═════ Data extract

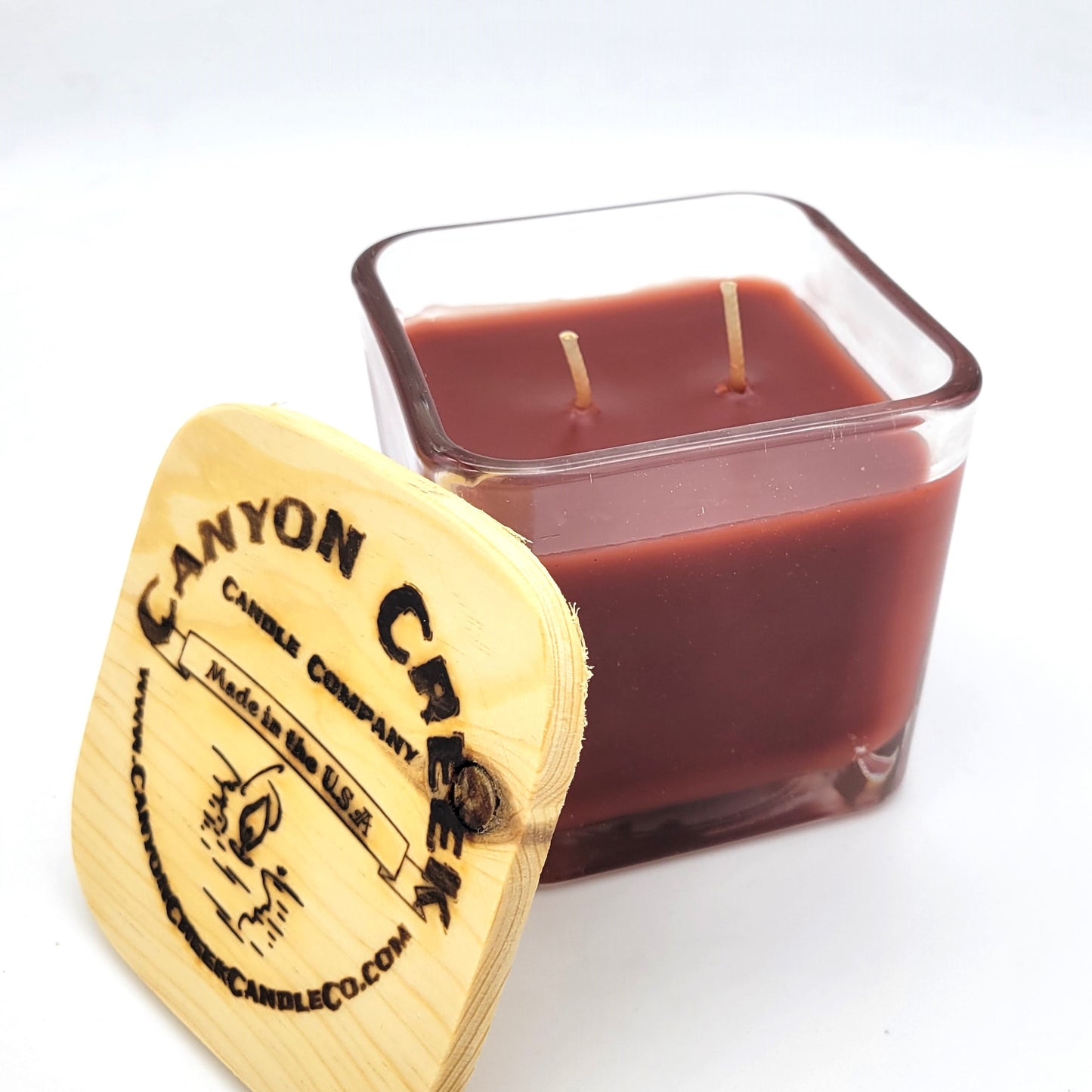 Cozy Cabin 9oz jar candle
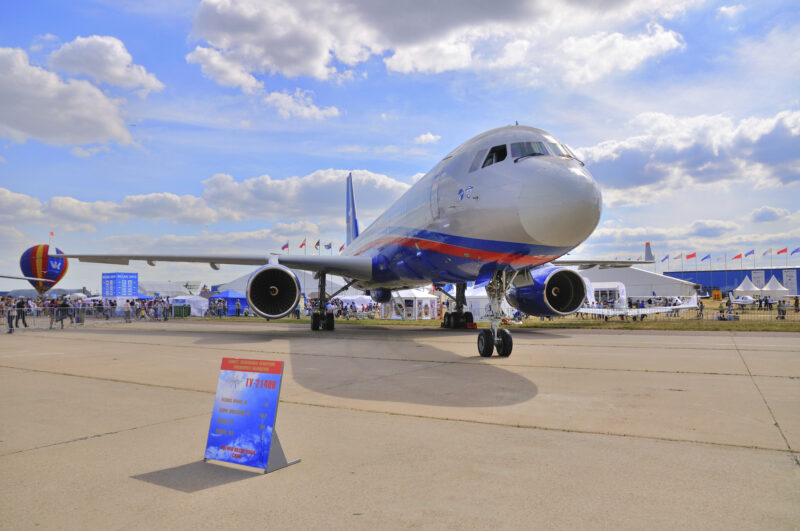 Avion Tu-214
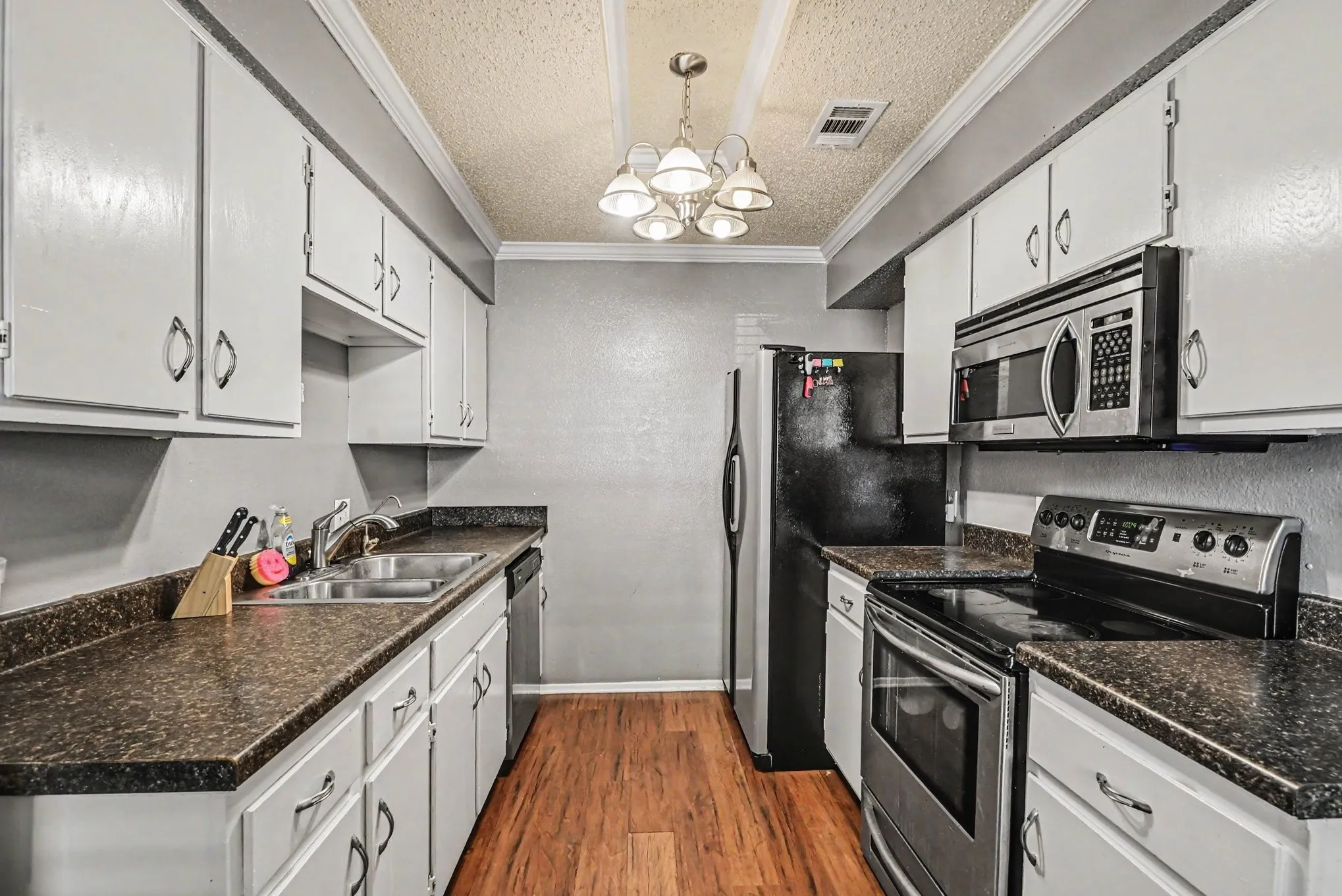 Single Family Residence For Sale in Tarrant County , 8553 James Court, White Settlement, Texas 76108, 3 Bedroom, 2 Bathroom, 2 Garage spaces, 1,287 Sqft, built in 1985, mls#21259810, Real Estate Agent in White Settlement, Homes For Sale in Tarrant county, Homes For Sale in White Settlement, Realtor in White Settlement Texas, Real Estate Brokerage Independent Realty Texas, Luminita Cordes Realtor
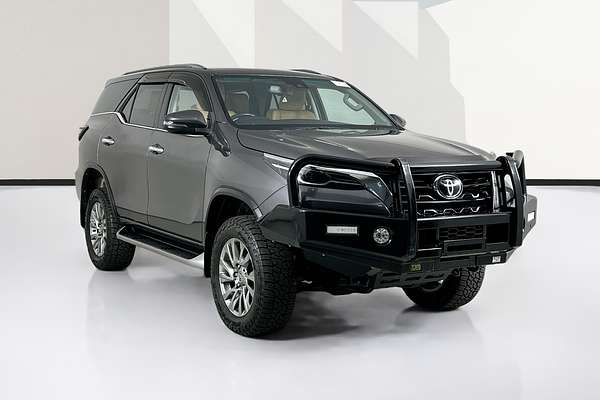 2020 Toyota FORTUNER CRUSADE GUN156R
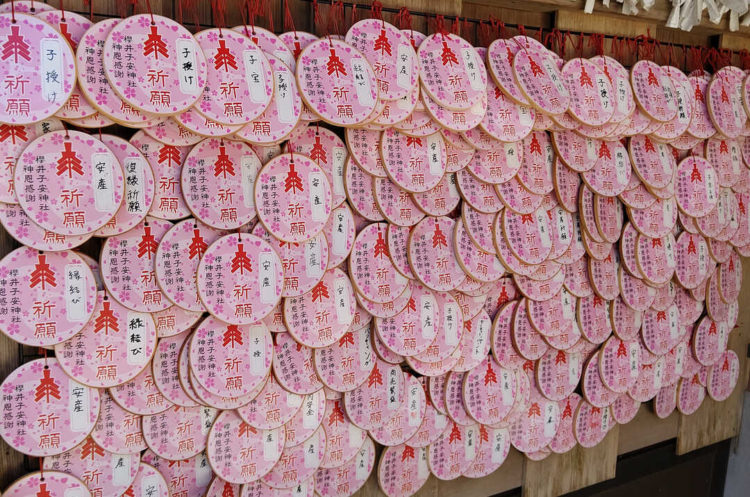 千葉県にある櫻井子安神社の境内に飾られている祈願玉をモチーフにした祈願絵馬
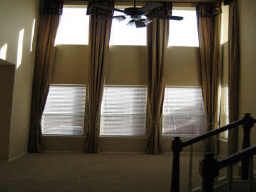 Spacious 3 Bedroom Townhouse with Open Loft in Lewisville, TX (Photo 4 of 5)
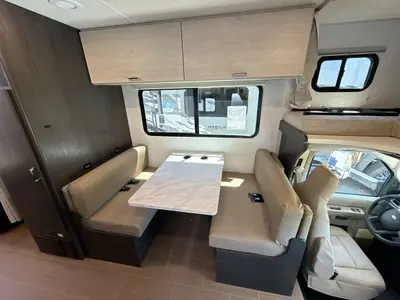 2027 Winnebago Suncruiser photo 17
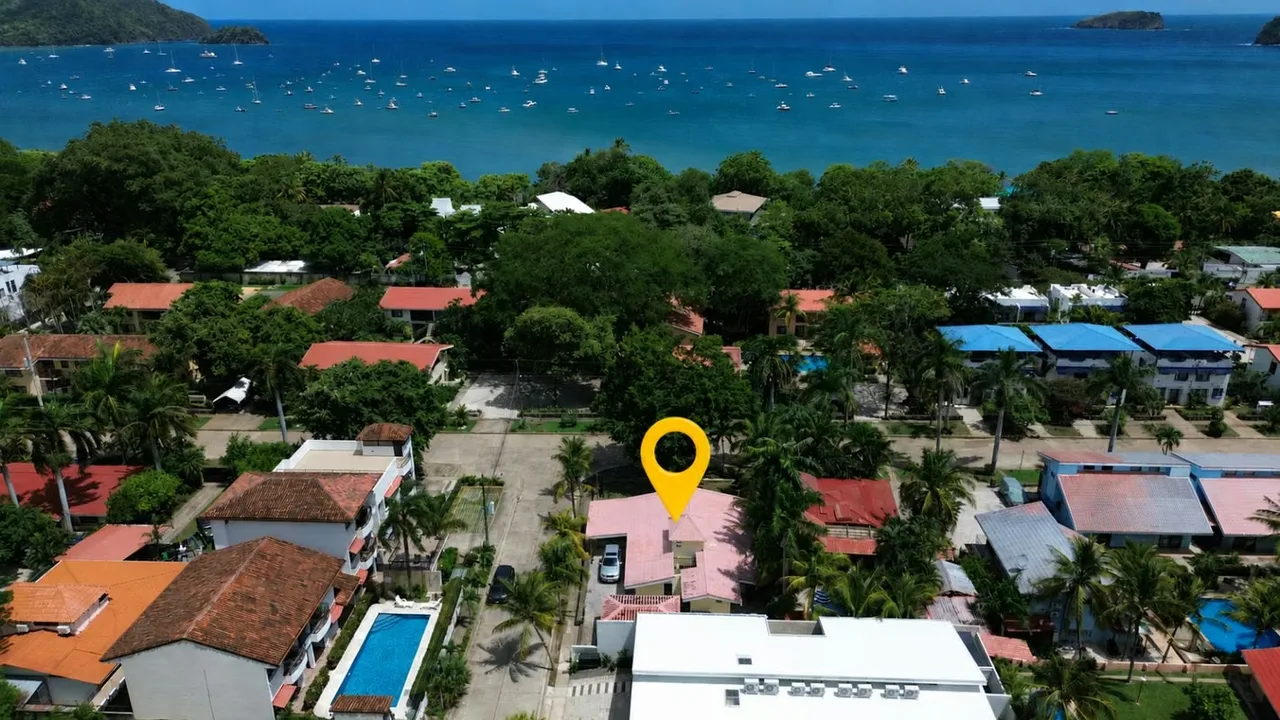 BEACH HOUSE FOR SALE | 4 BEDROOMS | NO HOA | LAS PALMAS, PLAYAS DEL COCO | $525,000 CASA CERCA DE LA PLAYA EN VENTA | 4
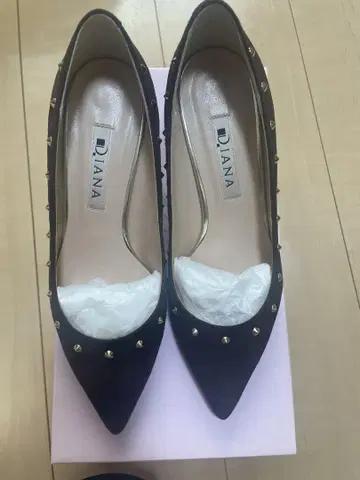 다이애나 스터드 펌프스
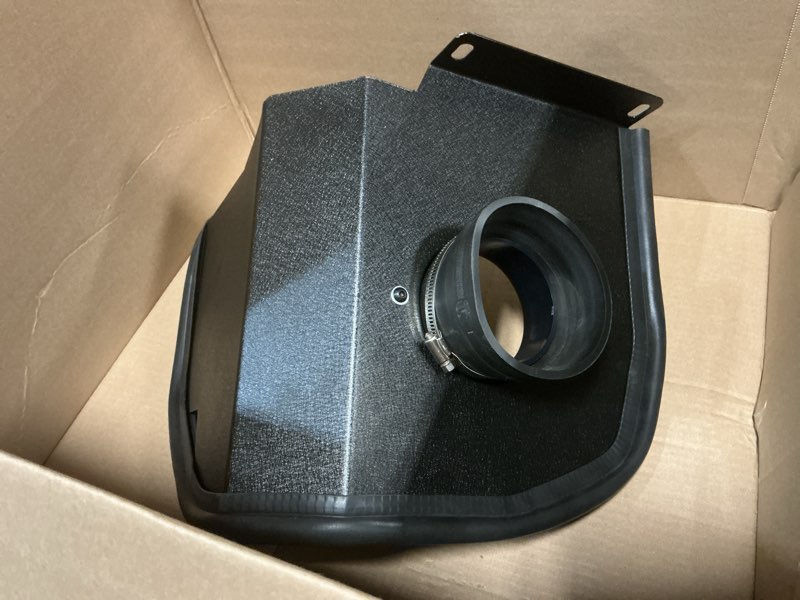Condition photo showing Good Condition for vevor cold air intake, 3.94 inch cold air intake system + heat shield compatible with 2015 cadillac escalade, chevy suburban/tahoe/silverado, gmc yukon/sierra, high flow filter kit improve horsepower 2015 cadillac/2014-2015chevy/gmc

══════════

## The task:
Your task is to repeat, word for word and with no picture, every line from the one that contains "千葉県にある櫻井子安神社の境内に飾られている祈願玉をモチーフにした祈願絵馬" through the last line of the data.

## Result of this exercise:
 千葉県にある櫻井子安神社の境内に飾られている祈願玉をモチーフにした祈願絵馬
 Spacious 3 Bedroom Townhouse with Open Loft in Lewisville, TX (Photo 4 of 5)
 2027 Winnebago Suncruiser photo 17
 BEACH HOUSE FOR SALE | 4 BEDROOMS | NO HOA | LAS PALMAS, PLAYAS DEL COCO | $525,000 CASA CERCA DE LA PLAYA EN VENTA | 4
 다이애나 스터드 펌프스
Condition photo showing Good Condition for vevor cold air intake, 3.94 inch cold air intake system + heat shield compatible with 2015 cadillac escalade, chevy suburban/tahoe/silverado, gmc yukon/sierra, high flow filter kit improve horsepower 2015 cadillac/2014-2015chevy/gmc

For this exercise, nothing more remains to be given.